Integration, Provenance, and Temporal Queries for Large-Scale Knowledge Bases
- Author(s): Gao, Shi
- Advisor(s): Zaniolo, Carlo
- et al.
Knowledge bases that summarize web information in RDF triples deliver many benefits, including support for natural language question answering and powerful structured queries that extract encyclopedic knowledge via SPARQL. Large scale knowledge bases grow rapidly in terms of scale and significance, and undergo frequent changes in both schema and content. Two critical problems have thus emerged: (i) how to support temporal queries that explore the history of knowledge bases or flash-back to the past; (ii) how to integrate knowledge from difference sources and improve the quality of integrated knowledge base while preserving the provenance information.
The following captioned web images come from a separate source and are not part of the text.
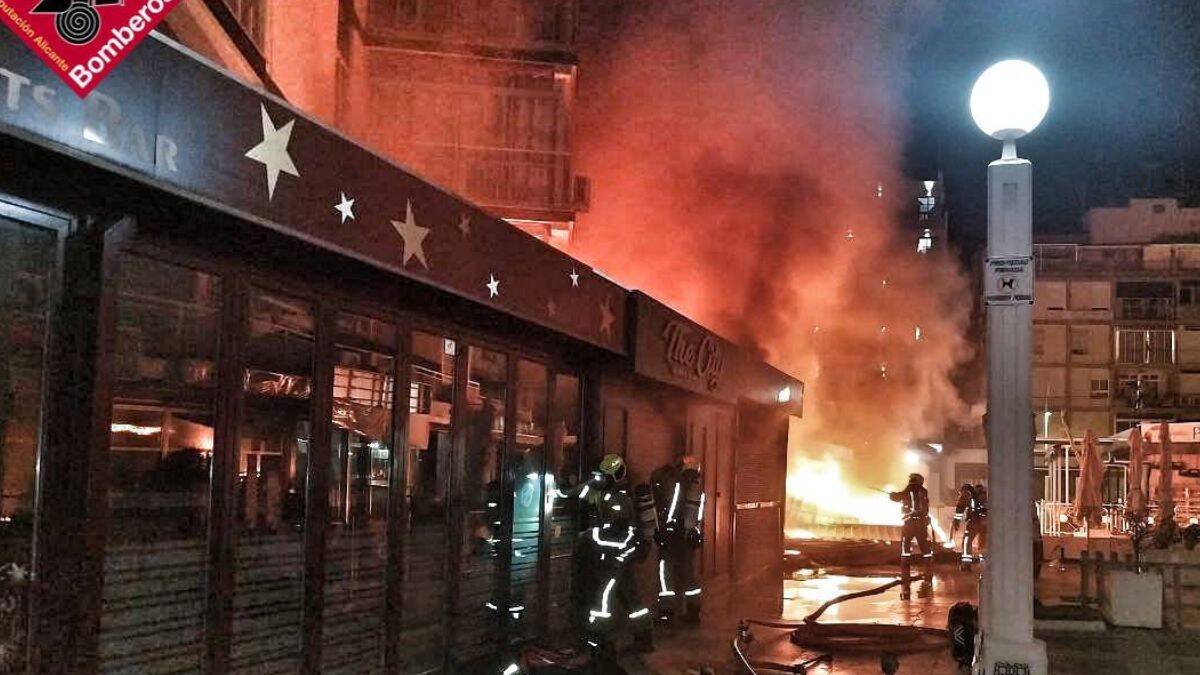 El restaurante incendiado en Benidorm.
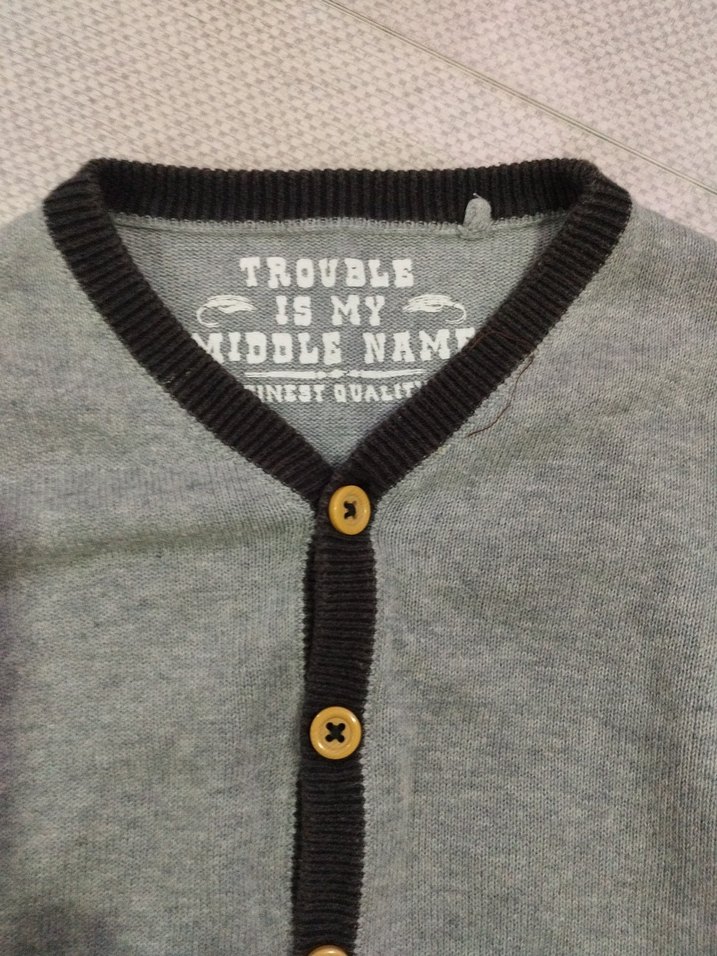 Erkek Çocuk Gri Düğmeli Triko Hırka - Görsel 2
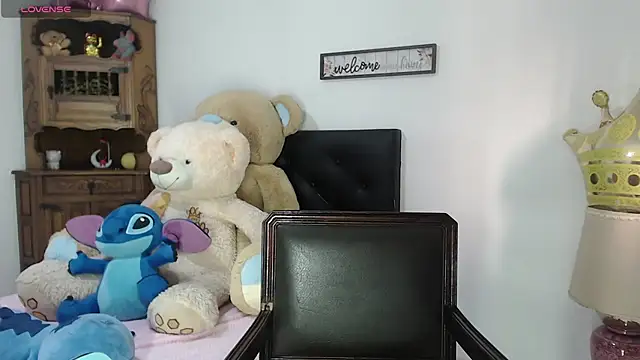 alexia 87 online show from February 2026 08:27:01 PM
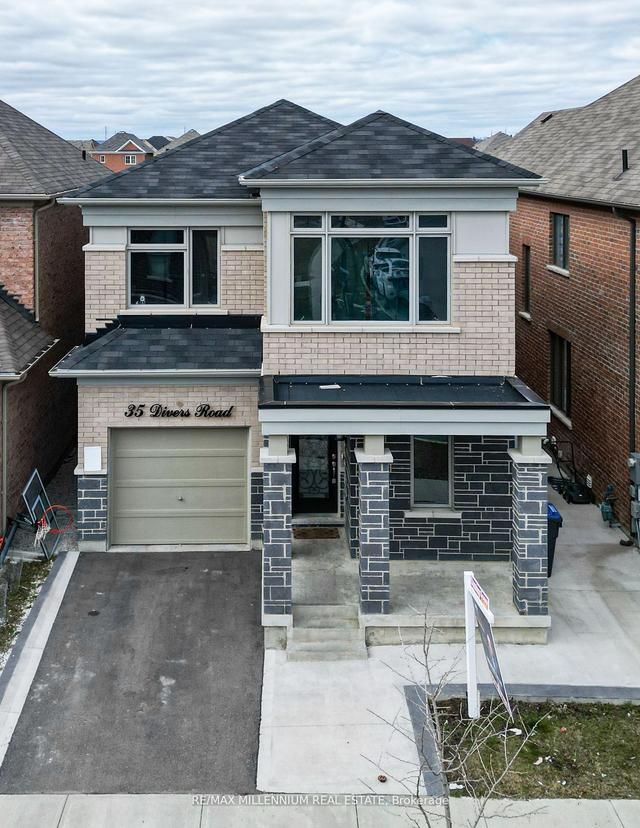 35 Divers Rd, House detached with 4 bedrooms, 3 bathrooms and 2 parking in Brampton ON | Image 1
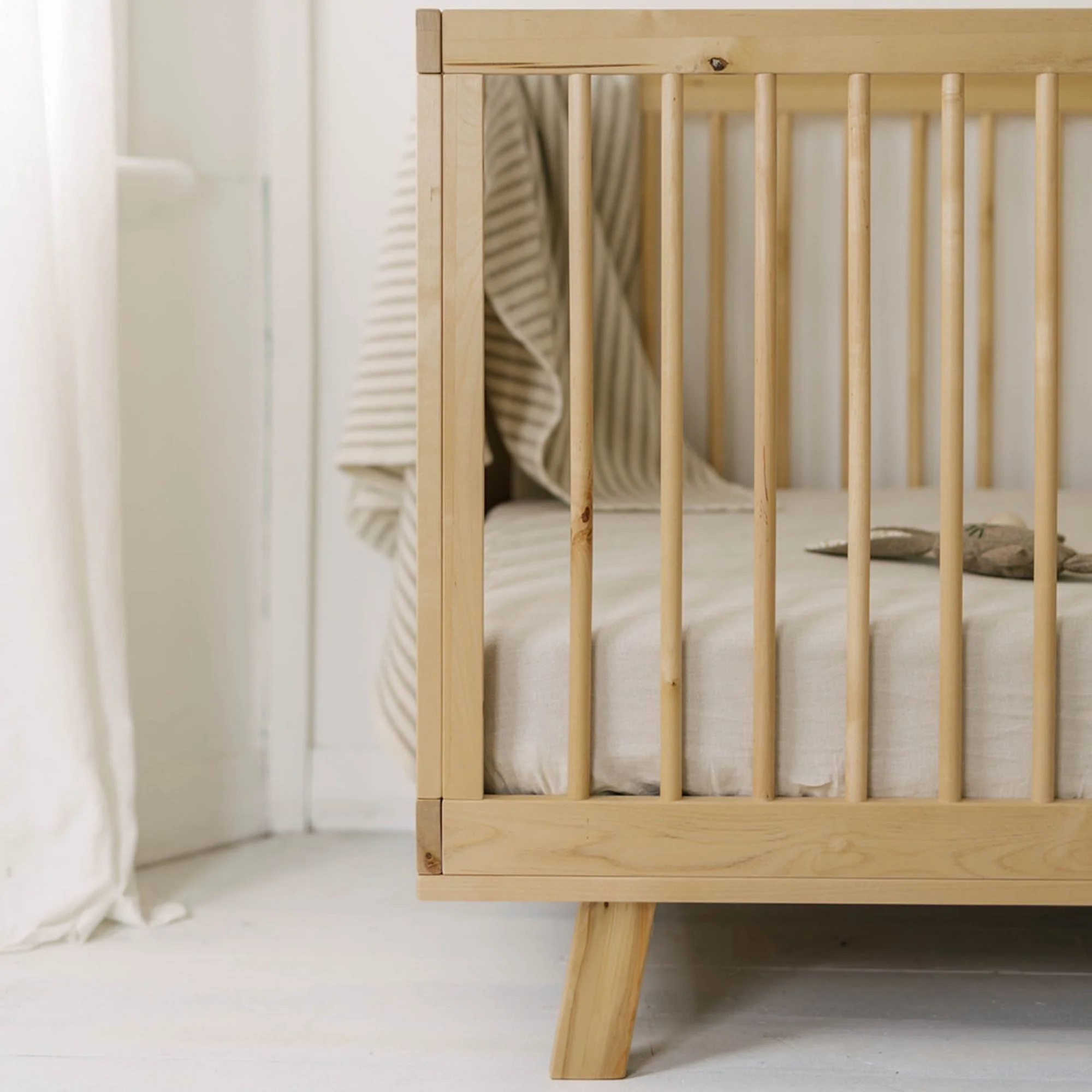 Oat Linen Cot/Bassinet Sheet - Image 3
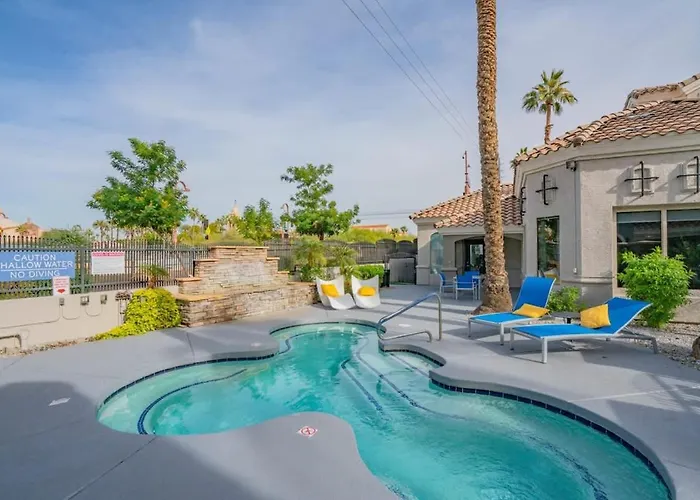 Posh 2bd - Midtown - Gym, Pool, W-d, Parking - Sleeps 8 *
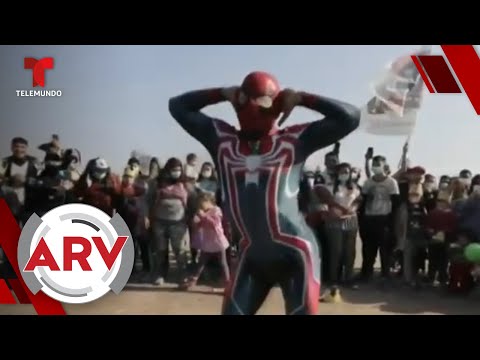 Se disfrazan de los Avengers y sorprenden a niños necesitados en Chile | Al Rojo Vivo | Telemundo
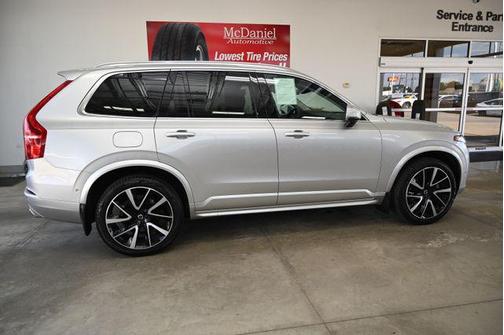 Bright Silver Metallic 2021 Volvo XC90 T6 Momentum
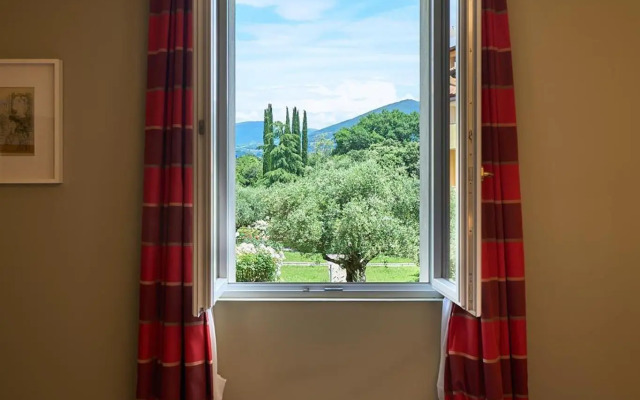 Delfina Palace Hotel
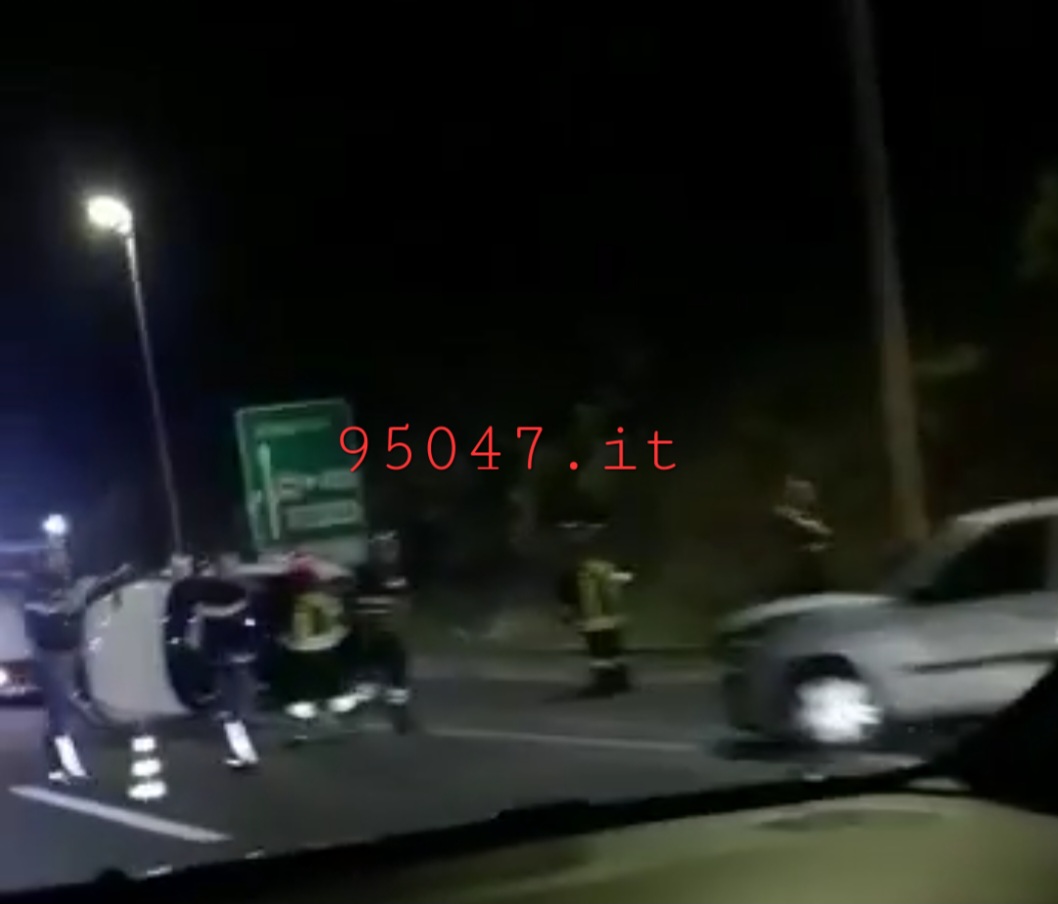 SCONTRO TRA AUTO SULLA TANGENZIALE DI CATANIA, UNA SI RIBALTA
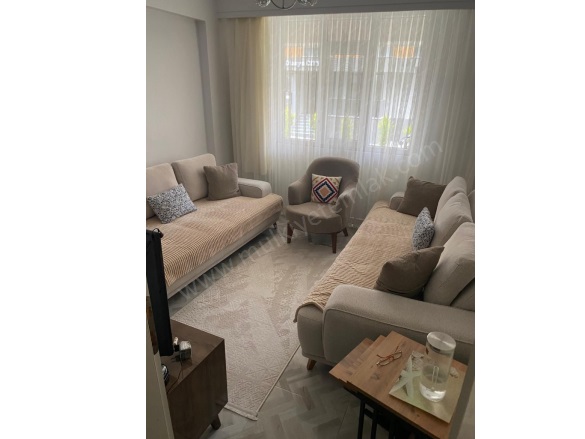 Kurtuluş Mah. Gönen Satılık Daire |  3+1 Oda | 110M2 4.750.000Tl | Yüksek Giriş | Doğalgaz(Kombi) | 2 Banyo | 1 Yatak Odası Resim-5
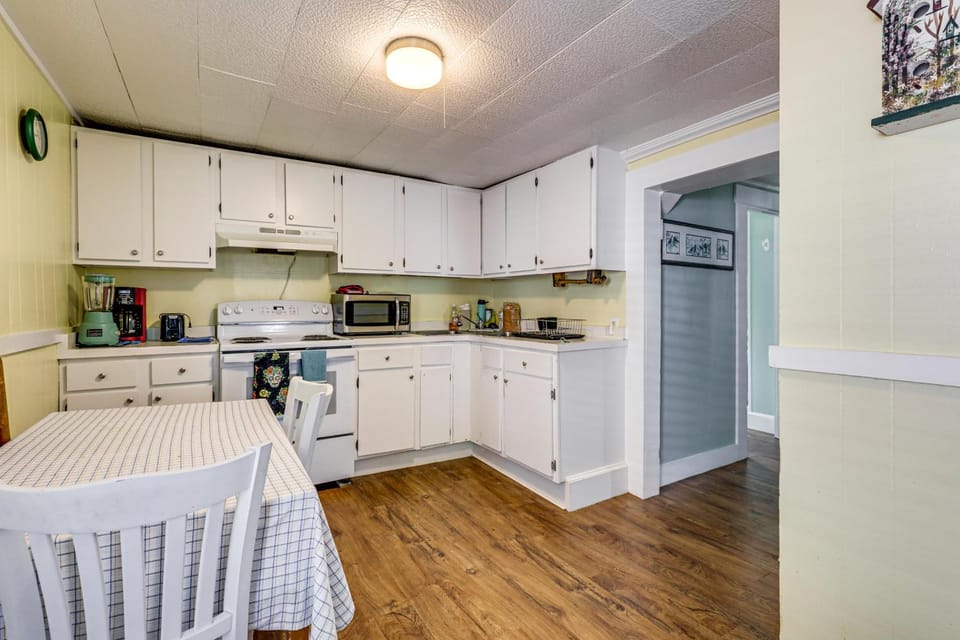 Near Trails & Lakes! Pemigewasset River Townhome House in Franklin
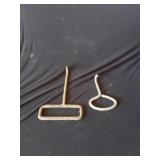 2 Hay Hooks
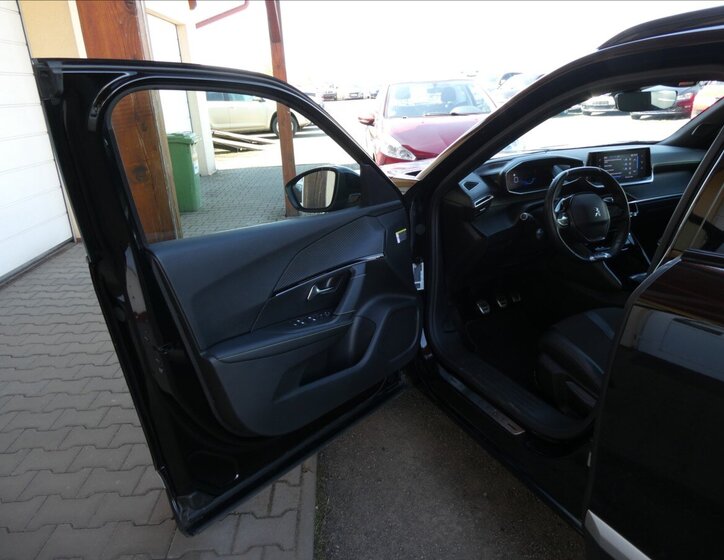 Peugeot 2008 SUV / Terénní 1,2 l 96 kw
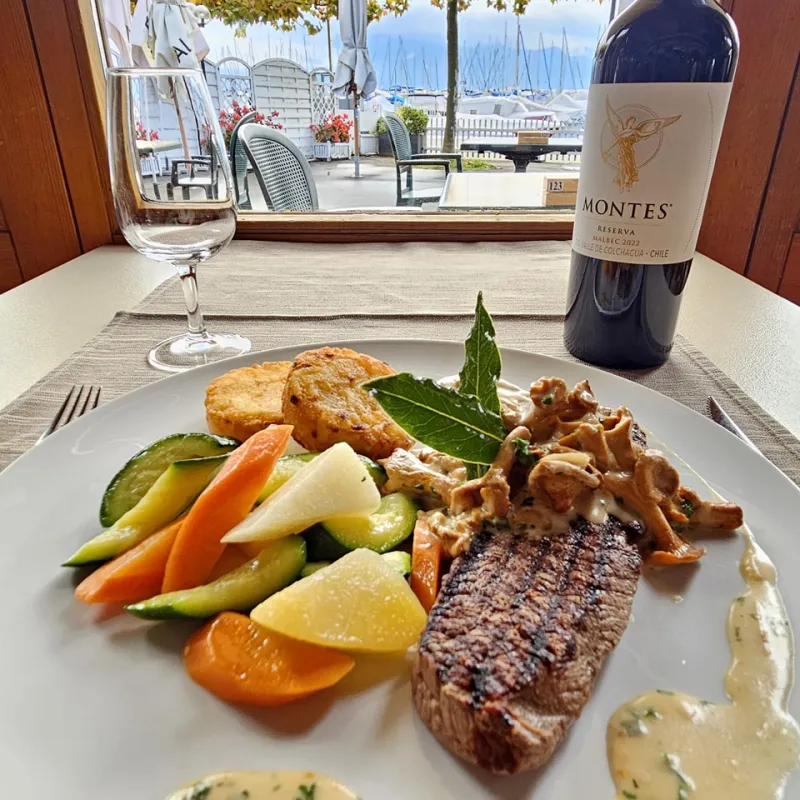 Rumpsteak de cheval aux chanterelles, galettes de rösti, légumes du marché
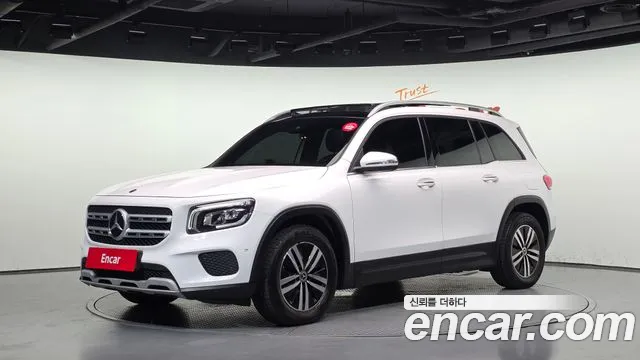 Mercedes-Benz GLB-Class X247 GLB200 d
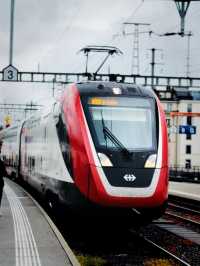 Swiss Summer by Rail: Geneva to Interlaken Journey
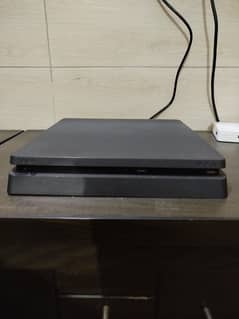 Ps4 slim with 2 games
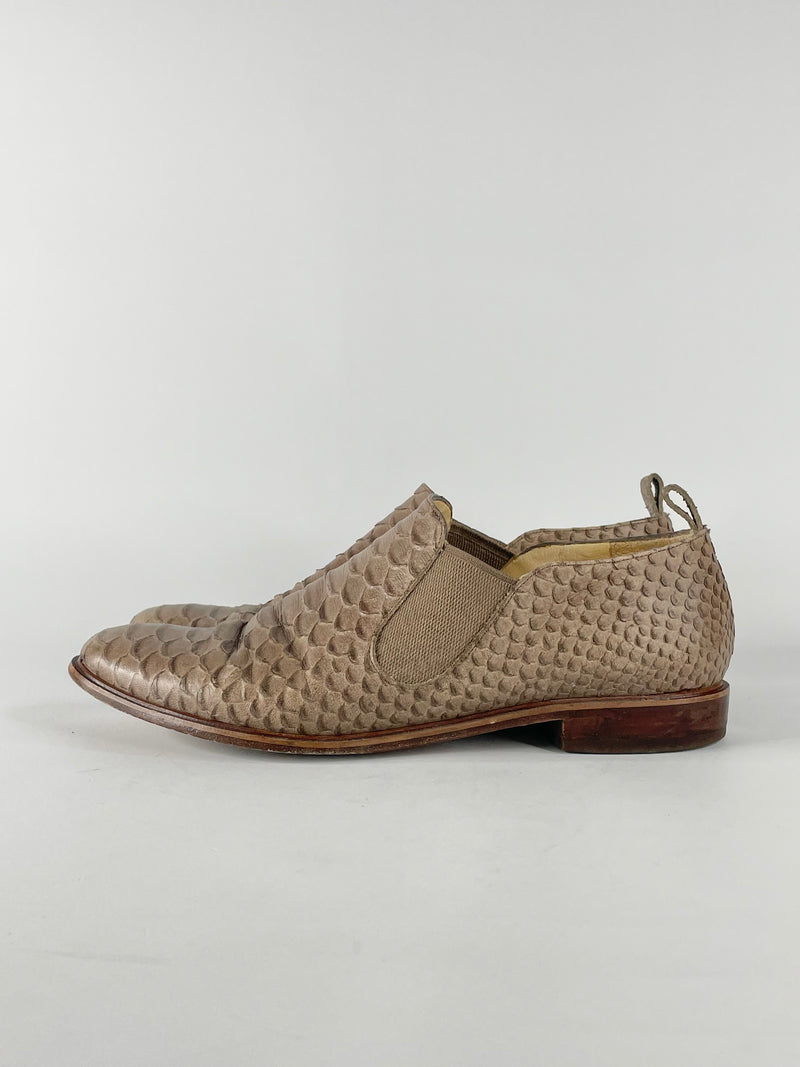 Robert Clergerie Mocha Python-Textured Leather Slip Ons - EU38/39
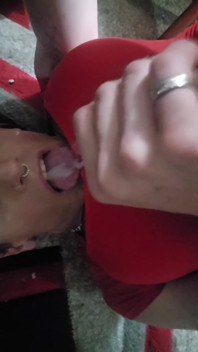 I Need Cummies in My Tummy
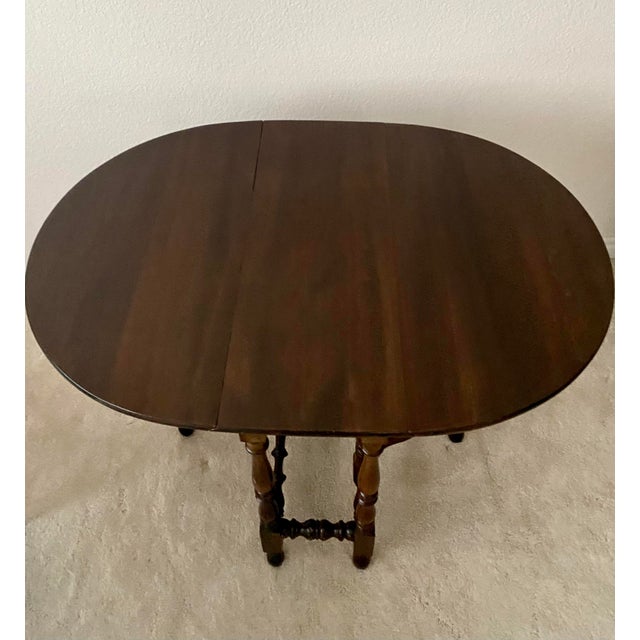 Mid 20th Century Vintage 1930s Oval Gate-Leg Drop-Leaf Table by Elite Furniture Co. Excellent Condition For Sale - Image 5 of 17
In this dissertation, we propose a framework that supports knowledge integration, temporal query evaluation and user-friendly interfaces for large-scale knowledge bases. Towards this goal, we make the following contributions:
(i) We propose SPARQLT, a temporal extension of structured query language SPARQL based on a point temporal model which simplifies the expression of temporal joins and eliminates the need for temporal coalescing. This approach makes possible an end-user interface HKB (Historical Knowledge Browser) where users can browse the evolution history of knowledge bases and express historical queries via simple by-example conditions in the infoboxes of Wikipedia pages.
(ii) We have designed and implemented RDF-TX (RDF Temporal eXpress), an efficient system for managing temporal RDF data and evaluating SPARQLT queries. RDF-TX takes advantage of compressed Multiversion B+ trees to achieve fast evaluation of temporal queries. The experimental result demonstrates that our indexing and query optimization techniques deliver superior performance over other systems.
(iii) We propose a framework for knowledge extraction and integration. We first introduce IBMiner, a novel NLP-based system that derives knowledge bases from free text and preserves the provenance of extracted triples. IBminer uses a deep NLP-based approach to extract subject-attribute-value triples from free text, and maps the attributes to those introduced in existing knowledge bases. Then we integrate public knowledge bases with the knowledge base generated by IBMiner into one of superior quality and coverage, called IKBStore. User-friendly interfaces are provided to manage the knowledge in IKBStore while maintaining provenance information.